**Task instructions:** Omit all pictures and give the records below again exactly as written.

Records from a data source:

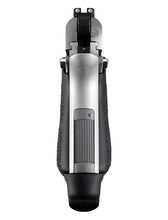 Hogue Kimber Micro 9 (Ambi Safety): Black Rubber Grip with Finger Grooves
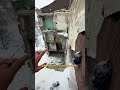 Il palazzo sventrato da una bomba #shorts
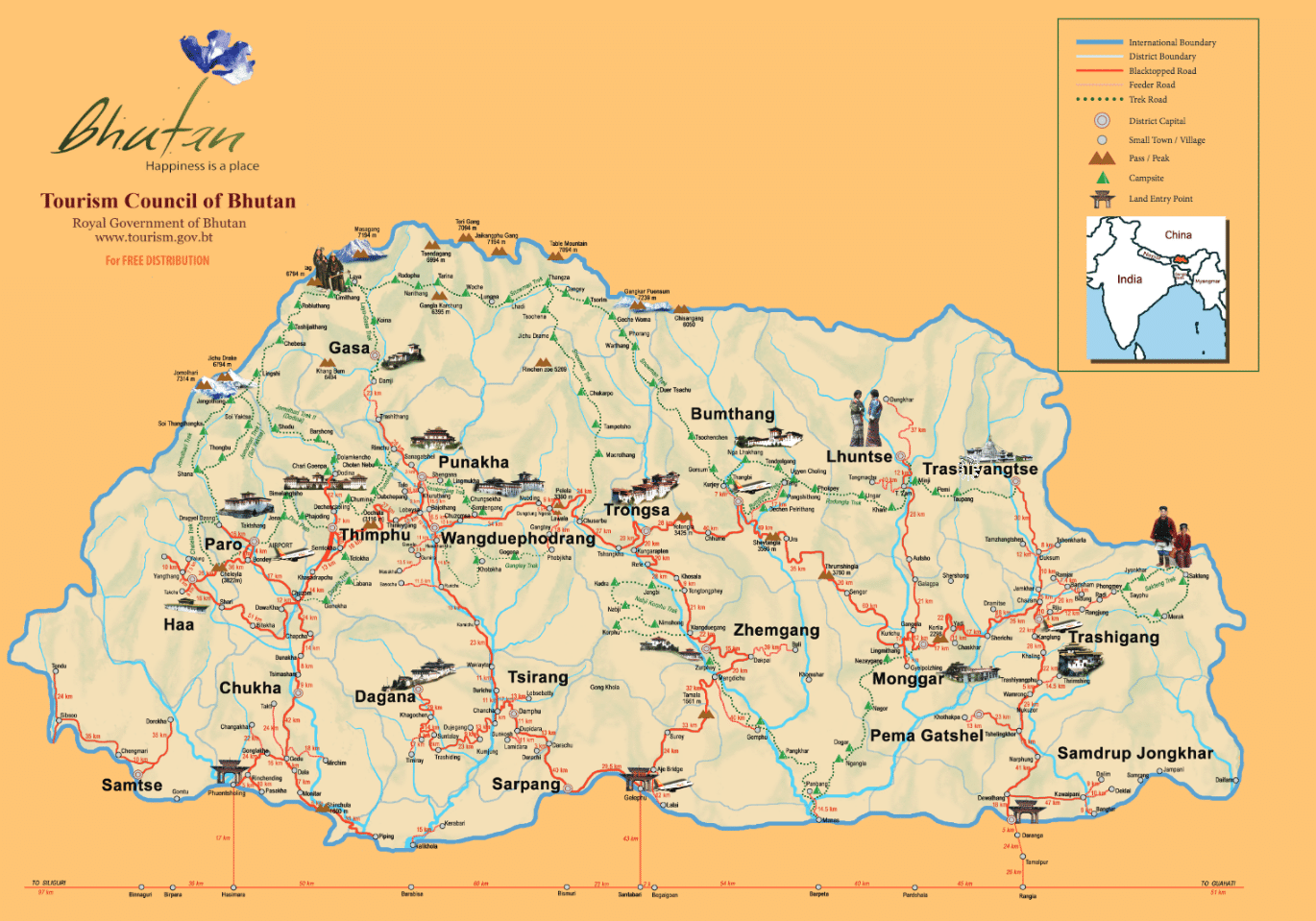 bhutan travel plan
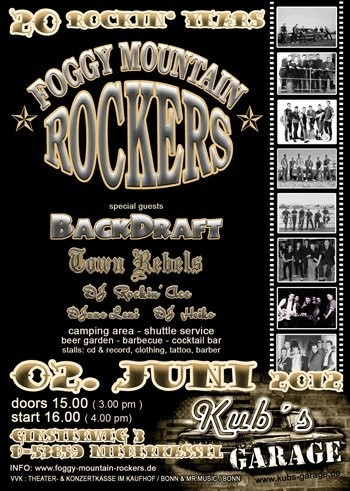 20th Anniversary of  Foggy Mountain Rockers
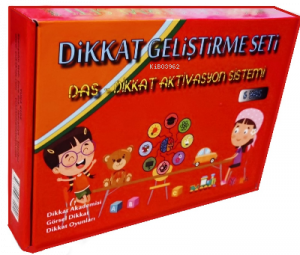 Dikkat Geliştirme Seti (6 Yaş)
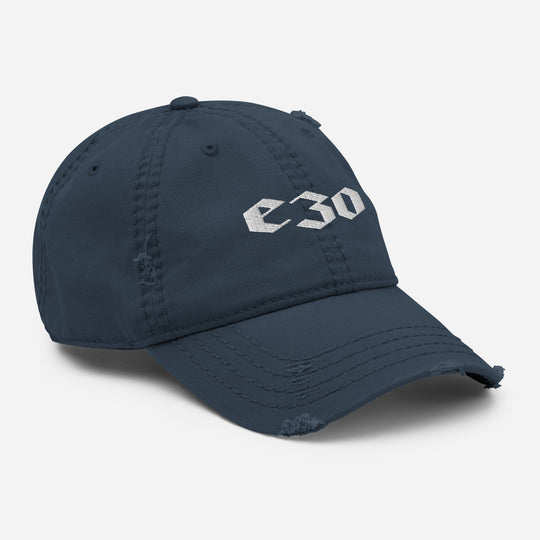 Ezo Logo Distressed Hat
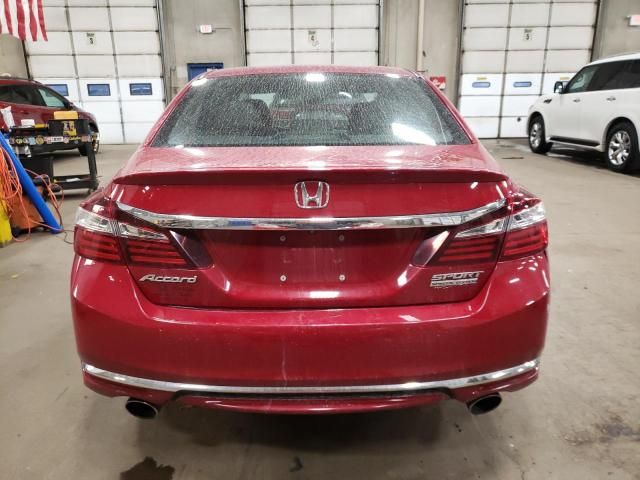 2017 Honda Accord Sport Special Edition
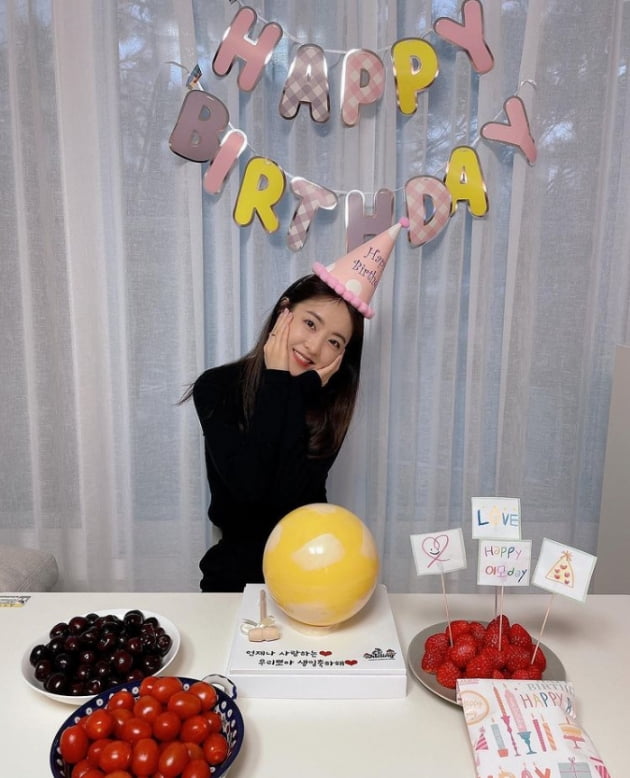 박보영, 뽀블리 생일날 귀엽게~...행복한 하루[TEN★]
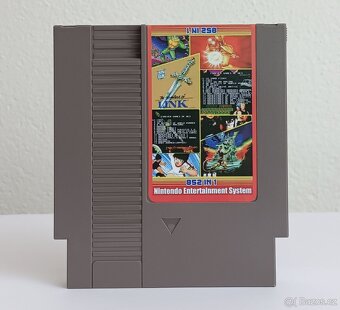 Cartridge 852 her na NINTENDO NES (Aladdin, Conan)... - 2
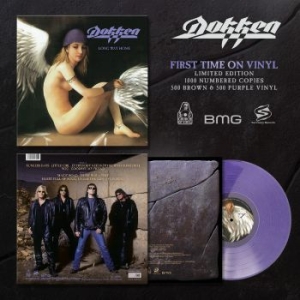 Dokken - Long Way Home (Purple Vinyl Lp) i gruppen Minishops / Dokken hos Bengans Skivbutik AB (4017789)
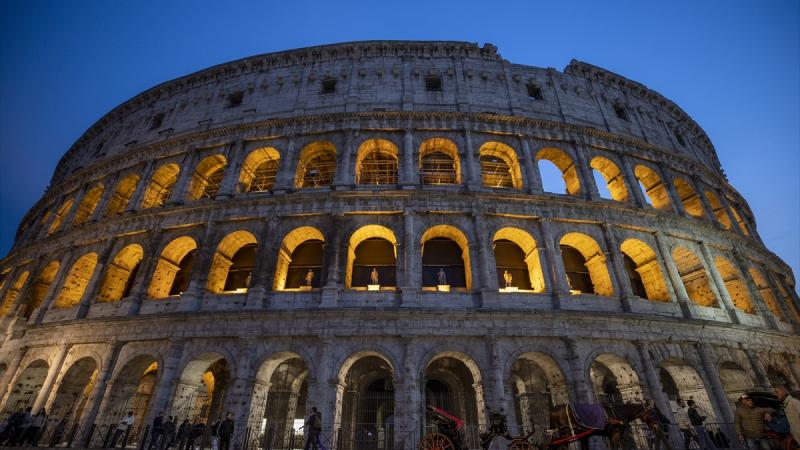 Roma’da İmparator Neron’un tiyatrosunun kalıntıları keşfedildi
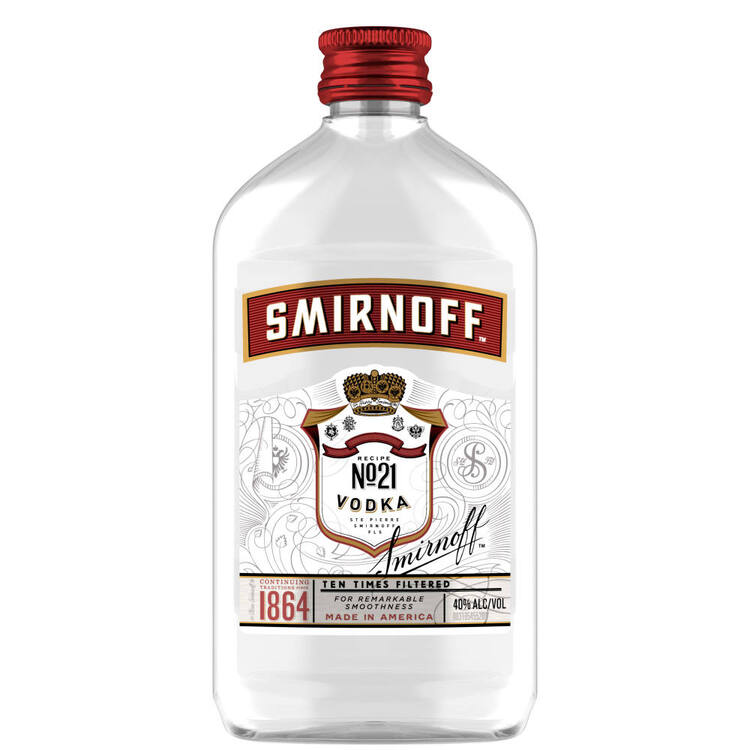 Smirnoff Vodka 80 - 100ML - Front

**Written answer:**
 Hogue Kimber Micro 9 (Ambi Safety): Black Rubber Grip with Finger Grooves
 Il palazzo sventrato da una bomba #shorts
 bhutan travel plan
 20th Anniversary of  Foggy Mountain Rockers
 Dikkat Geliştirme Seti (6 Yaş)
 Ezo Logo Distressed Hat
 2017 Honda Accord Sport Special Edition
 박보영, 뽀블리 생일날 귀엽게~...행복한 하루[TEN★]
 Cartridge 852 her na NINTENDO NES (Aladdin, Conan)... - 2
 Dokken - Long Way Home (Purple Vinyl Lp) i gruppen Minishops / Dokken hos Bengans Skivbutik AB (4017789)
 Roma’da İmparator Neron’un tiyatrosunun kalıntıları keşfedildi
 Smirnoff Vodka 80 - 100ML - Front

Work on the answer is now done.